D&D General io9: 2023 Should Have Been D&D's Best Year, Until It Wasn't

EzekielRaiden

Follower of the Way
I mean, they have supplied a hard number.
They have supplied a number. Its hardness is precisely what is in dispute. 60 million sounds like a blowhard overconfident estimate designed to inflate the numbers as much as humanly possible, e.g. every DM runs for ~3 groups of ~5 people each and all of them are completely distinct, so if they've sold 4 million DMGs then there must be 60 million players. That would be a hard number, and would show the patently ridiculous assumptions involved in producing the unsourced number they cited.

Which would further explain why the estimates vary so widely. If you instead assume that there are maybe ~3M actual DMs, and they run for an average of four genuinely distinct players each, then you get the still quite high but much more reasonable 12M, which is far closer to the previous estimates of how many people are playing (I have previously seen "8 to 20 million" thrown around.) I say "genuinely distinct" because most people I know who play are players in more than one game, and nearly everyone who runs is also a player in someone else's game.

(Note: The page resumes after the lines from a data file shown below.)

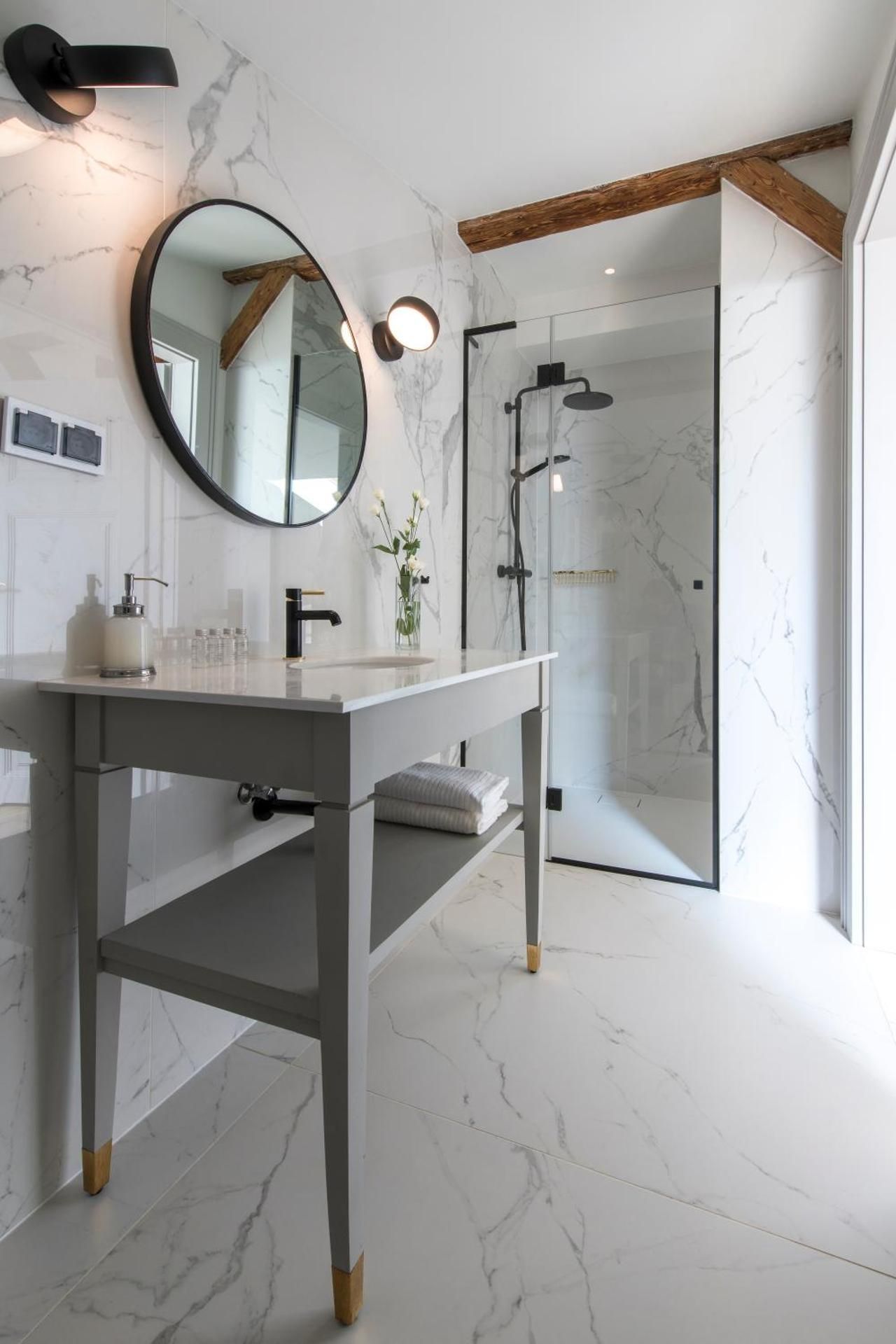Deluxe Double Room with Shower
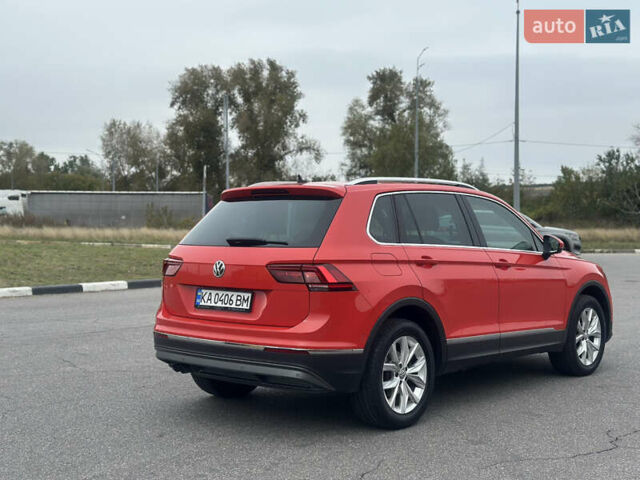 Красный Фольксваген Тигуан, объемом двигателя 1.97 л и пробегом 97 тыс. км за 26300 $, фото 4 на Automoto.ua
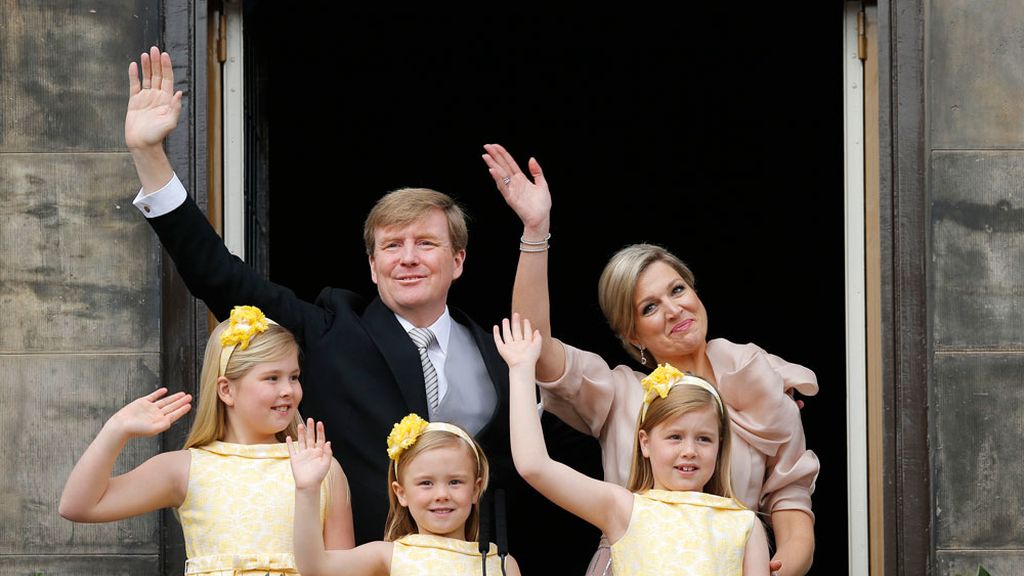 Los reyes saludan a los holandeses con sus hijas
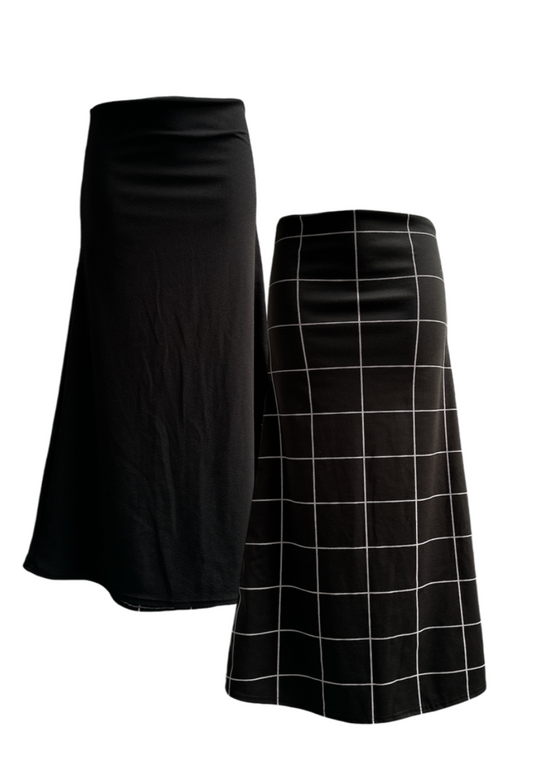 BLACK/GRAPH REVERSIBLE MID-RISE MAXI SKIRT - XS HISSY FIT LTD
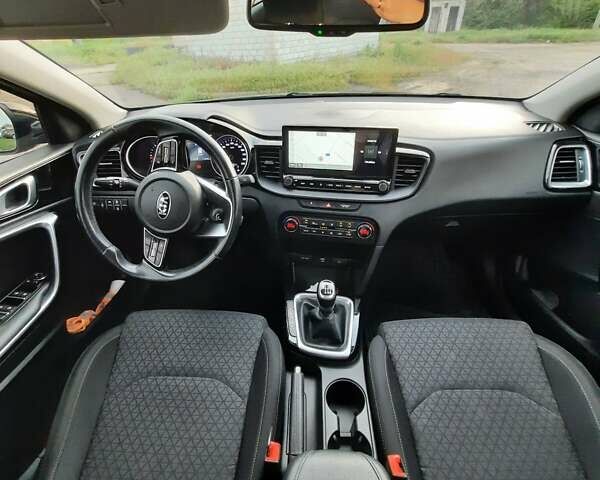 Черный Киа Сид, объемом двигателя 1.6 л и пробегом 224 тыс. км за 13500 $, фото 13 на Automoto.ua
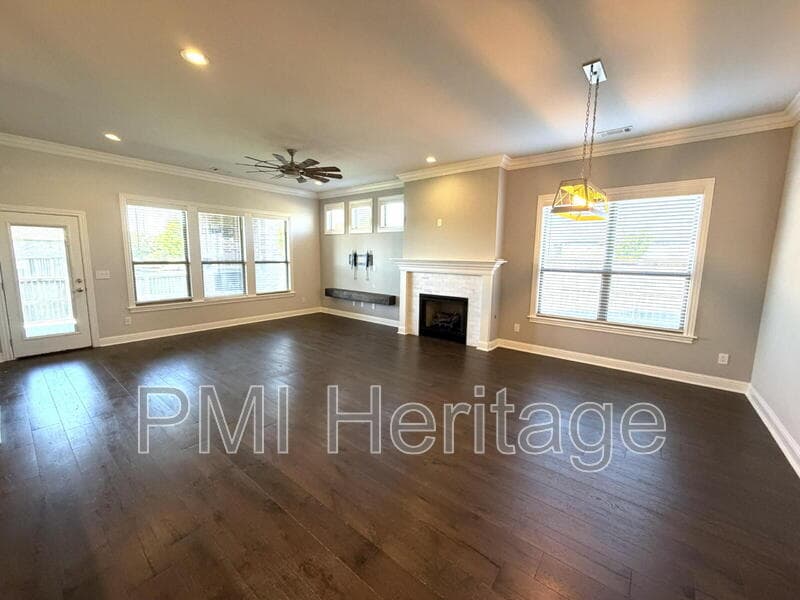 Bentonville House: 2700 Southwest Nottingham Avenue
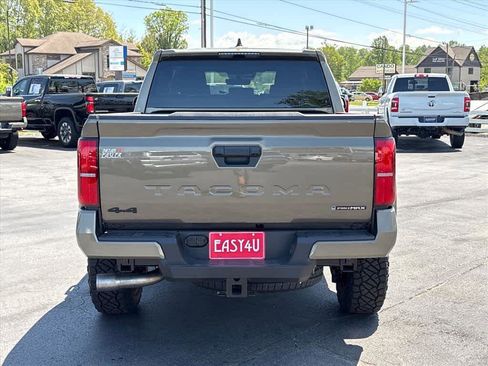 New 2026 Toyota Tacoma TRD Off-Road AWD/4WD image 27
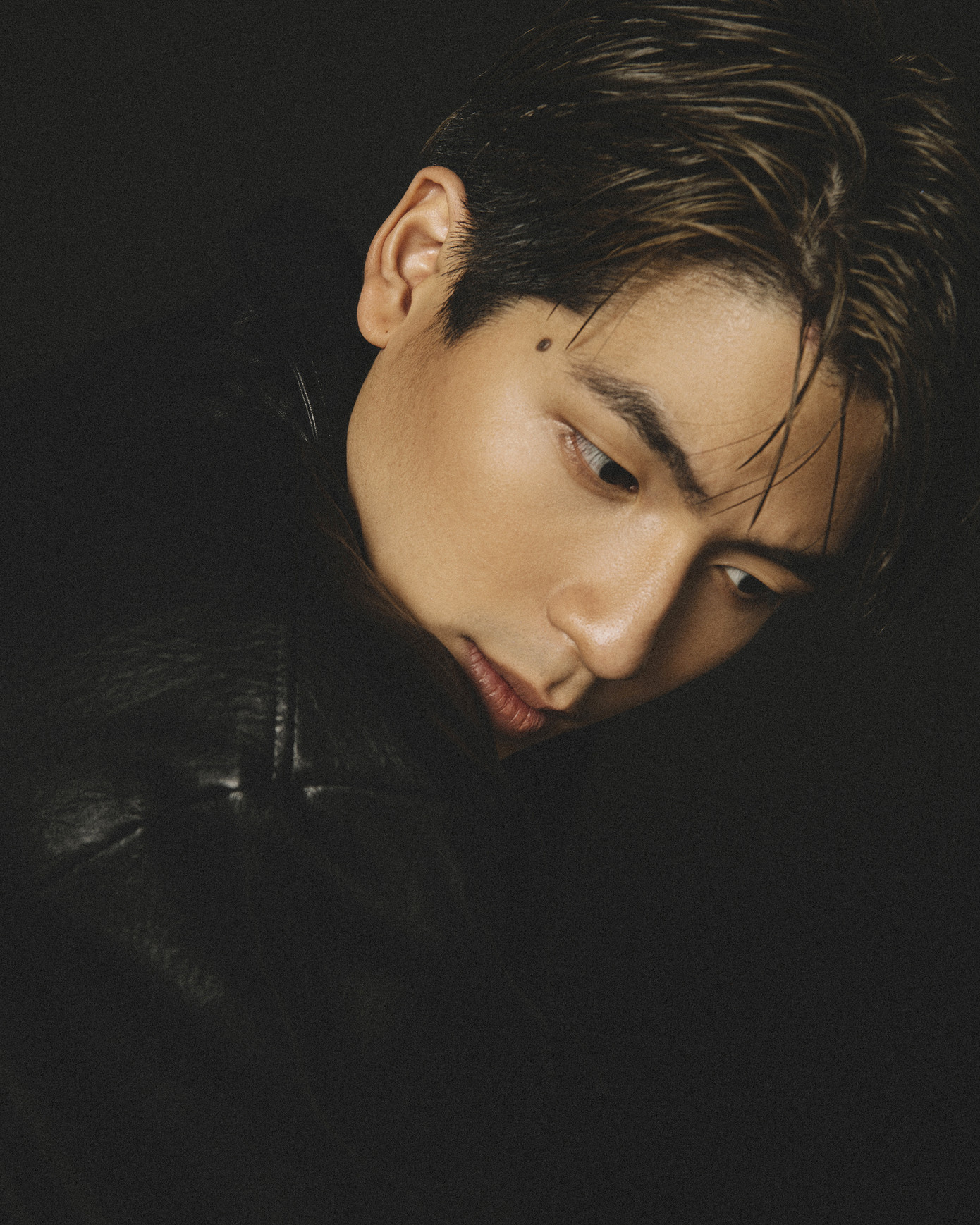 Quốc Anh thoát khỏi tạo hình thư sinh ngày nào, lộ diện vẻ ngoài lịch lãm trưởng thành ảnh 11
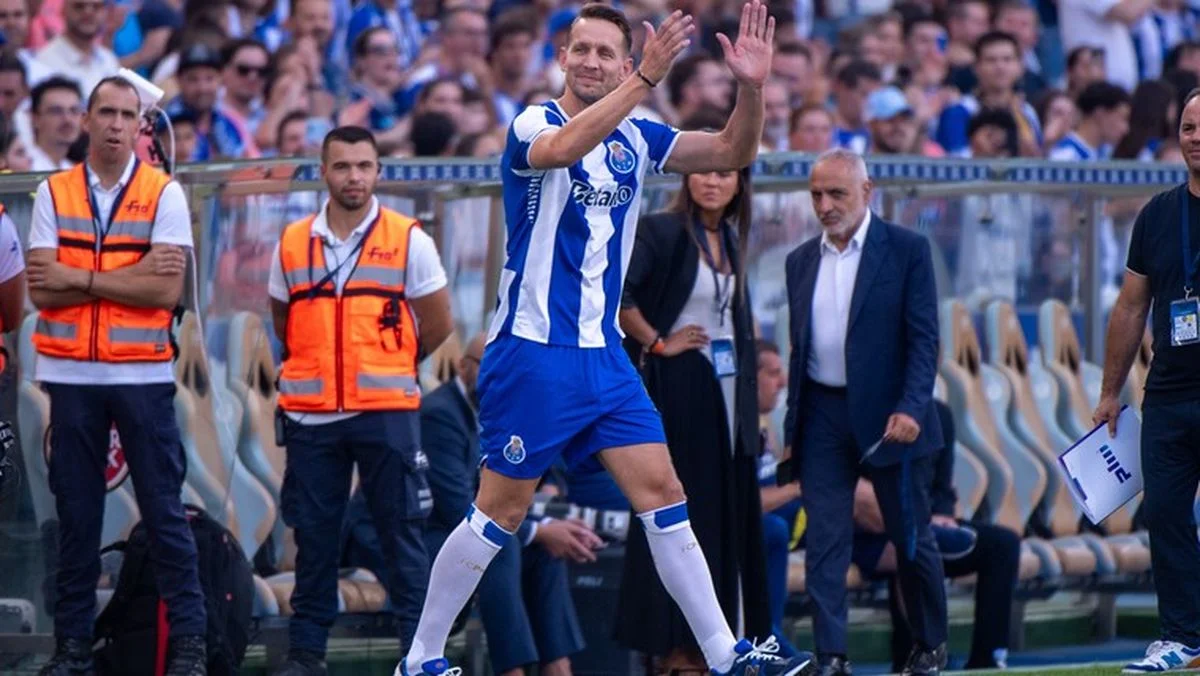 Люк де Йонг / Pro Shots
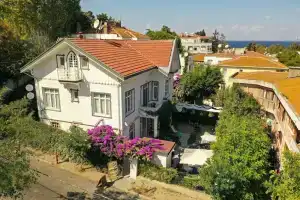 Serguzest Otel, Buyukada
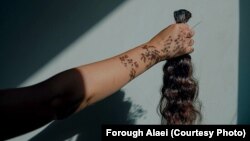 یکی از عکس‌های فروغ علایی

Companies have a vested interest in choosing statistics and assumptions which inflate their numbers. It makes them look better, can lead to investor confidence (or at least avoid freakouts), and implies growth and positivity regardless of whether that implication bears out. World of Warcraft used to tout total subscribers...until Cataclysm saw those numbers start to drop, and they conspicuously switched to "Monthly Active User" counts....and then they stopped giving even those for WoW, and aggregated it with other Activision-Blizzard products...and then there was nowhere else to turn when even those numbers started falling.

So, until they put their money (or, rather, sales) where their mouth is, nah bro, this ain't a hard number. It is, at best, corpspeak, and at worst actively fudging the numbers and assuming the most ridiculously rosy things possible. Extraordinary claims require extraordinary evidence.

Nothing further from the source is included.